Latest update April 18th, 2025 8:12 AM
Feb 09, 2022 News
Kaieteur News reported that three months ago an oil spill in nearby Bayelsa state spewed for one month, causing severe damage to land and water bodies before it was contained.
Ibiosiya Sukubo, a leader of one of the communities in the Niger Delta that was recently affected said, “The ecological and aquatic devastation caused by oil and gas exploitation and exploration has been quite colossal and astronomical. The movement of heavy marine vessels creating a host of turbidity without proper compensation, alleviation, remediation, is an appalling circumstance we find ourselves in, in the Niger Delta.”
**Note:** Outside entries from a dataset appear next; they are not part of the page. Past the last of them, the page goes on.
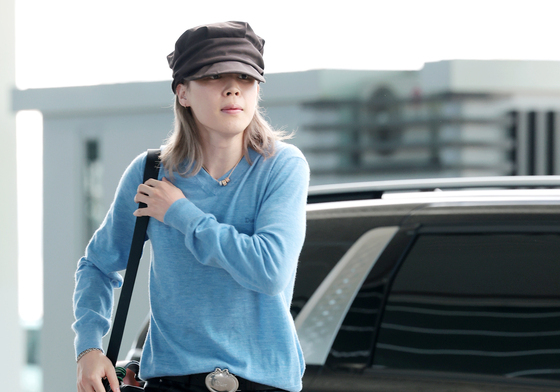 지민, 순둥순둥 눈빛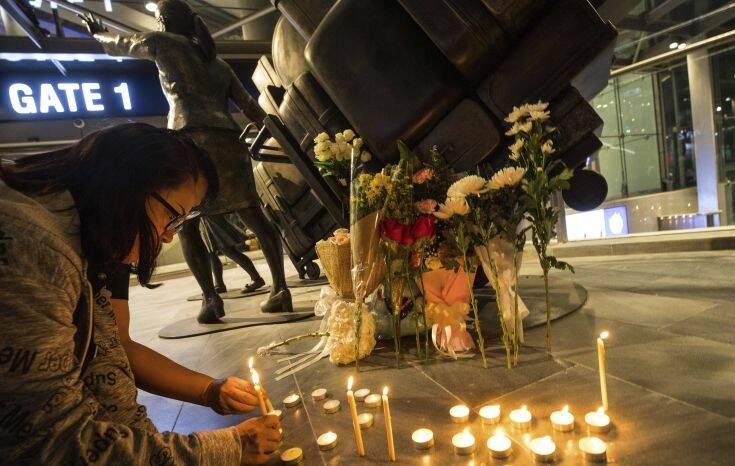 Οι κάτοικοι της Νακόν Ρατσασίμα τιμούν τα θύματα του μακελειού στο εμπορικό κέντρο Terminal 21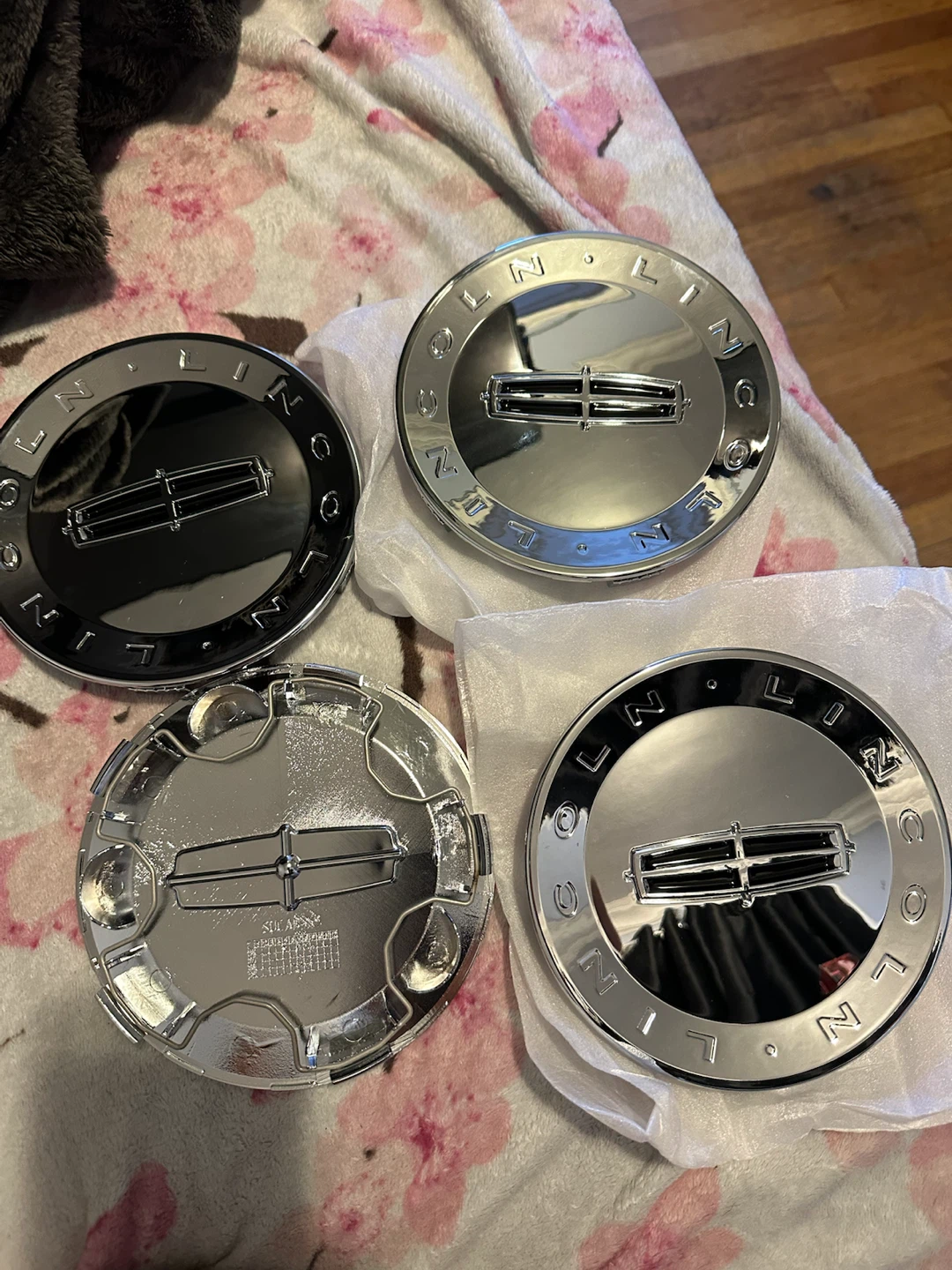 Set of 4 Lincoln Hubcaps/Wheel Covers - photo 2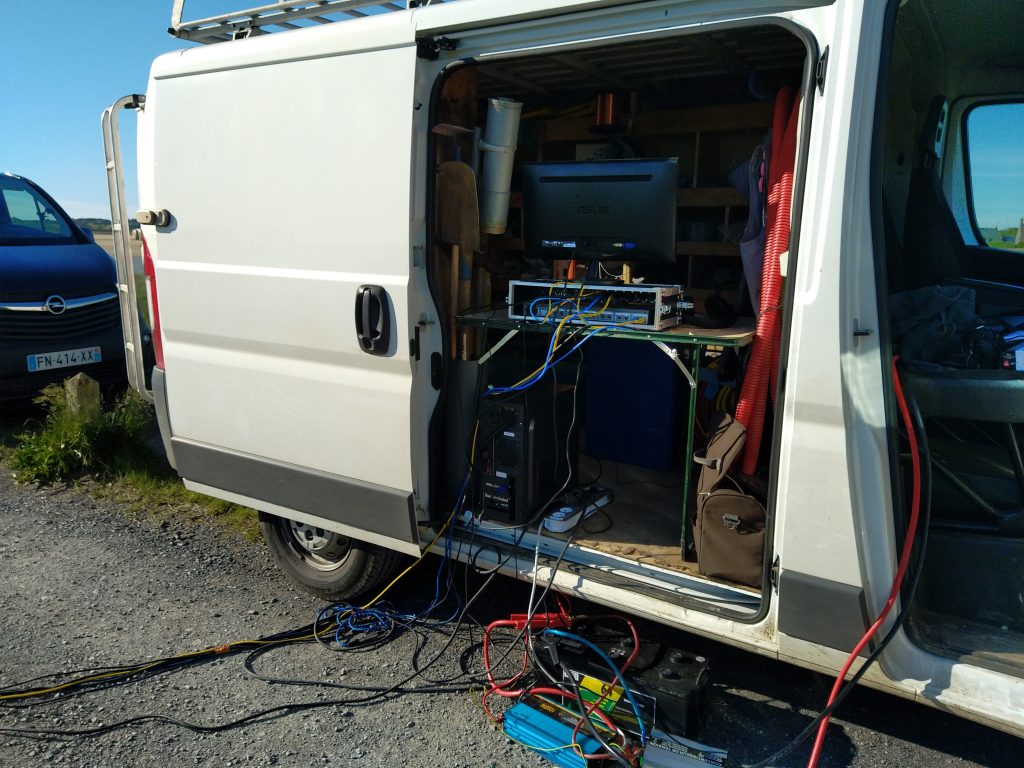 AQUAsoluces & LEON NEIMAD : la Caca mobile transformée en régie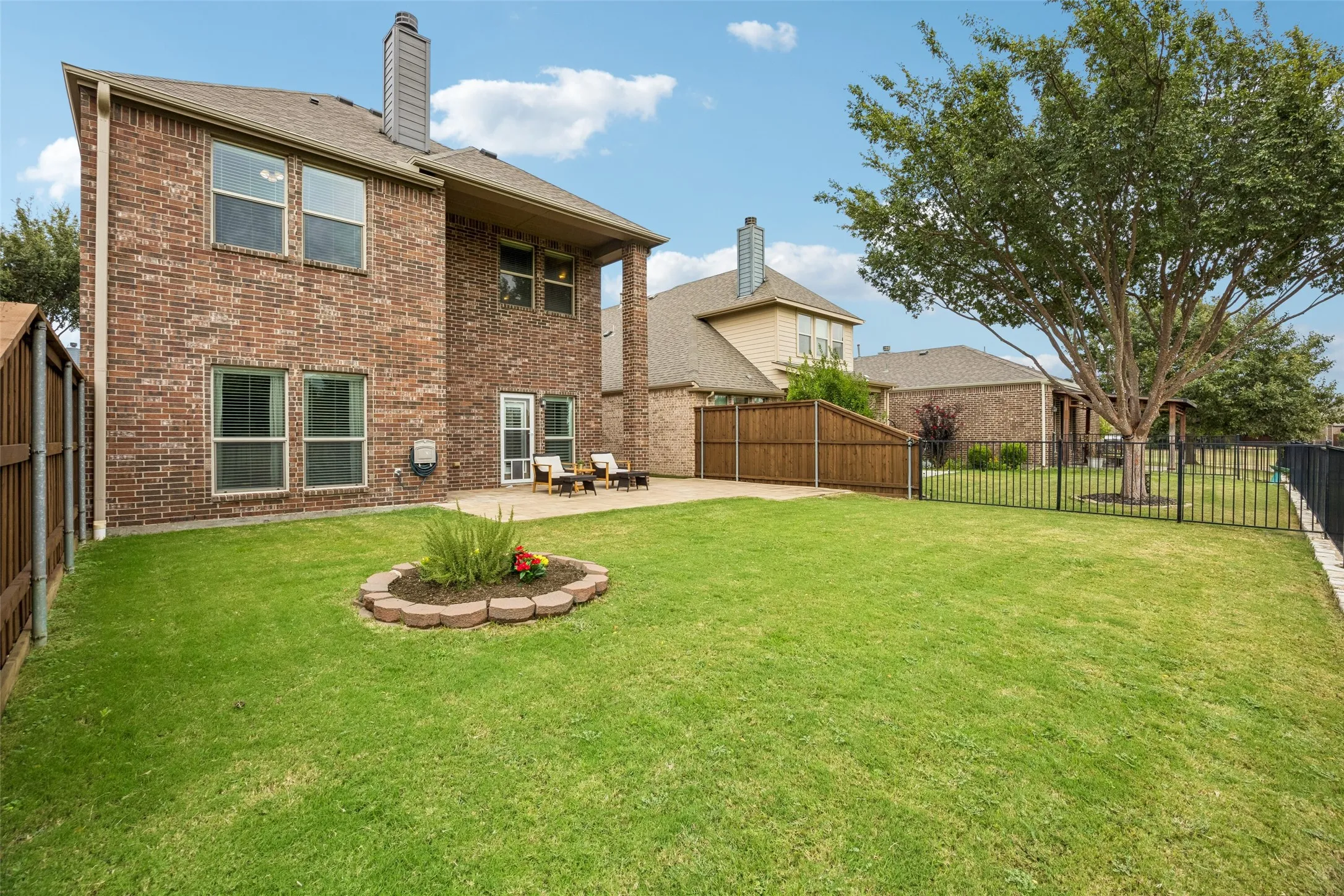 Single Family Residence For Sale in Collin County , 9709 Bardmore Place, Mc Kinney, Texas 75072, 3 Bedroom, 3 Bathroom, 2 Garage spaces, 2,643 Sqft, built in 2012, mls#21378326, Real Estate Agent in Mc Kinney, Homes For Sale in Collin county, Homes For Sale in Mc Kinney, Realtor in Mc Kinney Texas, Real Estate Brokerage Independent Realty Texas, Luminita Cordes Realtor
Nigeria is trying to maximise its petroleum output, and authorities have intensified a crackdown on illegal tapping of pipelines. Petroleum officials say the country loses some 150,000 barrels of oil a day to such theft.
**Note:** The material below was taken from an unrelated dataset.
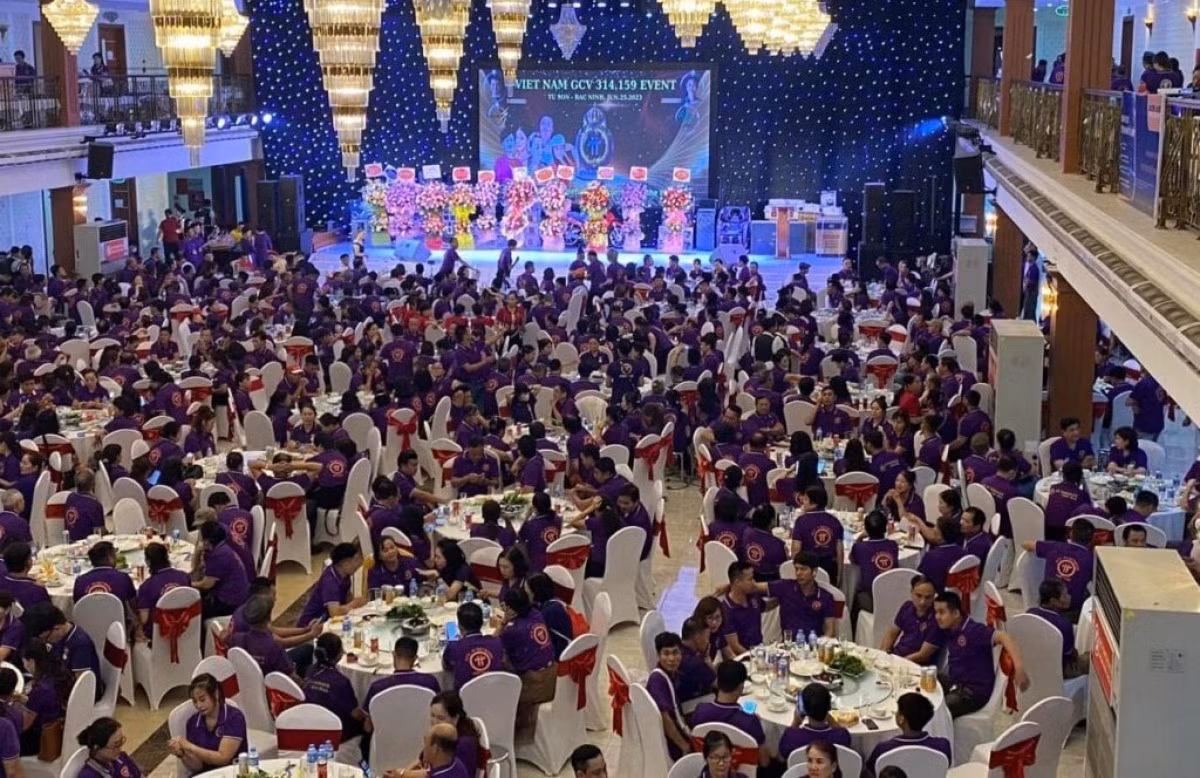 Tại nhà hàng Dabaco Từ Sơn, TP Từ Sơn, tỉnh Bắc Ninh, hơn 1.500 người đã tham gia buổi offline với chủ đề: "Việt Nam GCV 314.159$ Event". Ảnh VOV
The Nigeria incident comes at a time when Guyana is still to secure full coverage insurance from oil operators here despite numerous calls for such. Currently, the Liza Destiny vessel is operating at the Liza Phase One Project in the absence of full coverage insurance. Next month, Guyana will be starting up its second oil ship called the Liza Unity. It will be producing 220,000 barrels of oil from the Liza Phase Two Project.
Despite numerous calls from local and regional actors, neither the PPP/C Government nor ExxonMobil have made any effort to give Guyana full coverage insurance to protect its environs and citizens from the irreversible and devastating effects of a potential oil spill.
On January 15, 2022, almost 12, 000 barrels of crude was spilled from one of the La Pampilla refineries off the coast of Ventanilla in the region of Lima, Peru. It was reported that the spill was caused by shock waves from an undersea volcanic eruption near Tonga in the South Pacific Ocean. At the time of the undersea eruption, Suezmax tanker, Mare Doricum, was offloading a shipment of Brazilian crude oil at one of La Pampilla refinery’s offshore mooring buoys, and as such, a quantity of the cargo was released.
A Peruvian judge has since imposed an 18-month travel ban on four officials of the Spanish oil giant, Repsol, the owner of the refinery, in the event of criminal charges being brought against them and the Peru’s government had suspended the company’s operations. However, they later ordered a temporary lift on the suspension due to a shortage of fuel in Peru. There was also a recent oil spill in Ecuador, which resulted in the Amazon being contaminated. A mudslide, which was caused by heavy rain fall, caused a pipeline to burst resulting in two hectares of the Ecuador Amazon and 130 miles of a river being contaminated with crude.
Even as the company that owns the pipeline promised to clean up the oil, the country vows to take legal actions against them.